• **How to complete this task**: Beginning at the top of the material, repeat each line exactly, and stop once the line with "MTV Music Television" has been written.

• **Dataset extract**:
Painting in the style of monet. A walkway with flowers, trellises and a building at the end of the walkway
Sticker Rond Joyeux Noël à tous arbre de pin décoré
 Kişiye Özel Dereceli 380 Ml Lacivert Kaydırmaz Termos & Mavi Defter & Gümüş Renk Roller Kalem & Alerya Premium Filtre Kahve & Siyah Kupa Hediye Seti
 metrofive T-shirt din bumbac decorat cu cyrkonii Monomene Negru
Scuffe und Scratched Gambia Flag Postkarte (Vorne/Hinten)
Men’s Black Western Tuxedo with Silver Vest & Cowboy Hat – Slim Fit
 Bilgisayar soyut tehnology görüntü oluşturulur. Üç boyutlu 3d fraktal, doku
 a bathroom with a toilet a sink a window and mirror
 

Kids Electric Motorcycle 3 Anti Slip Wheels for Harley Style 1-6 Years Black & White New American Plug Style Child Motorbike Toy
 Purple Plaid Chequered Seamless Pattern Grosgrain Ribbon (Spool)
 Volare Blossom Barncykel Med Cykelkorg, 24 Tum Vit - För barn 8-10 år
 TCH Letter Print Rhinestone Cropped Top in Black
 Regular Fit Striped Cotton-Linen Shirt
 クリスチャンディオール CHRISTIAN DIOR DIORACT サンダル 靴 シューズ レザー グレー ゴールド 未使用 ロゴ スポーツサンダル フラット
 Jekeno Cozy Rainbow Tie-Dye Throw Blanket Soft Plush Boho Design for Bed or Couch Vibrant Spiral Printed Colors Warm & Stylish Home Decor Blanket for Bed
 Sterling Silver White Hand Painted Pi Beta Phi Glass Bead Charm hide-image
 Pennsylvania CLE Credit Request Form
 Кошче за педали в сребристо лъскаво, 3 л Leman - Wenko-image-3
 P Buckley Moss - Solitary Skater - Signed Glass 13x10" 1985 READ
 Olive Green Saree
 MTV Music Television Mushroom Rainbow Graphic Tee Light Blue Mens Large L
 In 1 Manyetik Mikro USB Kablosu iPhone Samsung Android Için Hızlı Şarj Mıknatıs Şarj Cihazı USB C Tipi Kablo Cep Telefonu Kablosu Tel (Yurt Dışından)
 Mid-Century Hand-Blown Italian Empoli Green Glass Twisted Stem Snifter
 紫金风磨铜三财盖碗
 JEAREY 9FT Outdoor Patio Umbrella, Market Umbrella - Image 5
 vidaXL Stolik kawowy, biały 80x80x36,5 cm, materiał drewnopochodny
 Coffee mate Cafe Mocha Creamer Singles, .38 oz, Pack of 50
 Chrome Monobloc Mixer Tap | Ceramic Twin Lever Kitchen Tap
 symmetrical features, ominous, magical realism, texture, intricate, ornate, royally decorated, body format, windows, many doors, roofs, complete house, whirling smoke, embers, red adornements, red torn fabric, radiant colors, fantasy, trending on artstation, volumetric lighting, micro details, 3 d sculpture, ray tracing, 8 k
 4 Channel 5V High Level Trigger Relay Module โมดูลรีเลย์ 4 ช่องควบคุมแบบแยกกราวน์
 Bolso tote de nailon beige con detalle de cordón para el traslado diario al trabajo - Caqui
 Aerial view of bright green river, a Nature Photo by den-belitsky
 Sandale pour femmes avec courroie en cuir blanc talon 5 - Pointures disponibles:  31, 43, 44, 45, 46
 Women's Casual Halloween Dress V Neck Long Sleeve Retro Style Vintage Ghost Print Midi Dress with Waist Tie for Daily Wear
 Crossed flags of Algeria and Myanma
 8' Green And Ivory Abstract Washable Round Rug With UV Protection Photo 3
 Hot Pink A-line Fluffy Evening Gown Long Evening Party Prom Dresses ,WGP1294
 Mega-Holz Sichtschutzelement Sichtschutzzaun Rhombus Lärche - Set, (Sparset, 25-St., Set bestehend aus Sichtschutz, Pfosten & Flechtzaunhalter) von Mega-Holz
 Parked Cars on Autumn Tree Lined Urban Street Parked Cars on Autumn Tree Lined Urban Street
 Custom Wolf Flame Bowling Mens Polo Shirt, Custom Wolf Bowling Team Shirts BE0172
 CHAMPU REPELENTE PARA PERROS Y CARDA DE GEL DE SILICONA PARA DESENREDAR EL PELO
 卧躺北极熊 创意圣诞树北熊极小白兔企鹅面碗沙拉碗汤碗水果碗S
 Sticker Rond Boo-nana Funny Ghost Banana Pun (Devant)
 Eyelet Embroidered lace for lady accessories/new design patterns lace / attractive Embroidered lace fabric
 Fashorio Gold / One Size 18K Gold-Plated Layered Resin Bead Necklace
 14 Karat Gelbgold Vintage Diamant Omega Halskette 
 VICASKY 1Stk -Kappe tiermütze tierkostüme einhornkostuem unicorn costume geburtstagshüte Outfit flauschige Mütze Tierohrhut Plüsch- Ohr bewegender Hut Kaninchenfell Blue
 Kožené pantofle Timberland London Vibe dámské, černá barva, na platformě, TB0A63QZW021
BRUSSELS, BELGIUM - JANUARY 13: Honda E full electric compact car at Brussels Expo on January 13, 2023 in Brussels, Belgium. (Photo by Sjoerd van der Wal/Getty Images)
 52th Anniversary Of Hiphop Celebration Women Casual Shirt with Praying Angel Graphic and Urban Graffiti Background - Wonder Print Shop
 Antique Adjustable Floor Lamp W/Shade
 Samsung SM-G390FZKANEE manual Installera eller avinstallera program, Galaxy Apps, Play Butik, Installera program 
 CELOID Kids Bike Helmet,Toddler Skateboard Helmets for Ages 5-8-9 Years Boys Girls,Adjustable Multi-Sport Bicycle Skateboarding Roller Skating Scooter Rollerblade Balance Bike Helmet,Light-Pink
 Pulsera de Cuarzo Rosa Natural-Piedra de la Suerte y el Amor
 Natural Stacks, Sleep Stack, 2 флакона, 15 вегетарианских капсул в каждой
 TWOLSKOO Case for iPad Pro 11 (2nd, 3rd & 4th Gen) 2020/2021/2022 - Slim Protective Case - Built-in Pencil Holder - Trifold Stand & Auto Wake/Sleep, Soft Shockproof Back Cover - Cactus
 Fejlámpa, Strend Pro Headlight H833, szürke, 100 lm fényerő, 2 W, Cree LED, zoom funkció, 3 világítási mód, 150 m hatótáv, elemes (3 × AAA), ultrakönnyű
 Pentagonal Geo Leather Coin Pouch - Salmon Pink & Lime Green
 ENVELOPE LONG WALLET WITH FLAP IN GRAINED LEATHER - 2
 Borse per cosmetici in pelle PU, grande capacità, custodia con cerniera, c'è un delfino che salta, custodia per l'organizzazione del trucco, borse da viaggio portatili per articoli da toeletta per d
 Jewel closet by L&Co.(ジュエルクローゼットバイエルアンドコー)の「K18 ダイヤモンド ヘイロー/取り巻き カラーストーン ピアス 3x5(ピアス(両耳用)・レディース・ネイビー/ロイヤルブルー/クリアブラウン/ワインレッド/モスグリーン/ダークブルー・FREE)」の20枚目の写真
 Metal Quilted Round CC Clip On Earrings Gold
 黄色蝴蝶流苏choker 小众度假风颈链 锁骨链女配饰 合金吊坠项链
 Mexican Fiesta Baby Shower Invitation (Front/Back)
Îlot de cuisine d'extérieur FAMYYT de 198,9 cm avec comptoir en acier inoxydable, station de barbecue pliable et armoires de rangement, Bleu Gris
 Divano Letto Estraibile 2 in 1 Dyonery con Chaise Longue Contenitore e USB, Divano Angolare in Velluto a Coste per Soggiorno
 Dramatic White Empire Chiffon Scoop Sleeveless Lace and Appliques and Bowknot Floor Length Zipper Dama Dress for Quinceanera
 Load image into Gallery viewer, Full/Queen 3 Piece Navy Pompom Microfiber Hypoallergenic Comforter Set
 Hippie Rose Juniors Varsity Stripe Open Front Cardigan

• **Written solution**:
Painting in the style of monet. A walkway with flowers, trellises and a building at the end of the walkway
Sticker Rond Joyeux Noël à tous arbre de pin décoré
 Kişiye Özel Dereceli 380 Ml Lacivert Kaydırmaz Termos & Mavi Defter & Gümüş Renk Roller Kalem & Alerya Premium Filtre Kahve & Siyah Kupa Hediye Seti
 metrofive T-shirt din bumbac decorat cu cyrkonii Monomene Negru
Scuffe und Scratched Gambia Flag Postkarte (Vorne/Hinten)
Men’s Black Western Tuxedo with Silver Vest & Cowboy Hat – Slim Fit
 Bilgisayar soyut tehnology görüntü oluşturulur. Üç boyutlu 3d fraktal, doku
 a bathroom with a toilet a sink a window and mirror
 

Kids Electric Motorcycle 3 Anti Slip Wheels for Harley Style 1-6 Years Black & White New American Plug Style Child Motorbike Toy
 Purple Plaid Chequered Seamless Pattern Grosgrain Ribbon (Spool)
 Volare Blossom Barncykel Med Cykelkorg, 24 Tum Vit - För barn 8-10 år
 TCH Letter Print Rhinestone Cropped Top in Black
 Regular Fit Striped Cotton-Linen Shirt
 クリスチャンディオール CHRISTIAN DIOR DIORACT サンダル 靴 シューズ レザー グレー ゴールド 未使用 ロゴ スポーツサンダル フラット
 Jekeno Cozy Rainbow Tie-Dye Throw Blanket Soft Plush Boho Design for Bed or Couch Vibrant Spiral Printed Colors Warm & Stylish Home Decor Blanket for Bed
 Sterling Silver White Hand Painted Pi Beta Phi Glass Bead Charm hide-image
 Pennsylvania CLE Credit Request Form
 Кошче за педали в сребристо лъскаво, 3 л Leman - Wenko-image-3
 P Buckley Moss - Solitary Skater - Signed Glass 13x10" 1985 READ
 Olive Green Saree
 MTV Music Television Mushroom Rainbow Graphic Tee Light Blue Mens Large L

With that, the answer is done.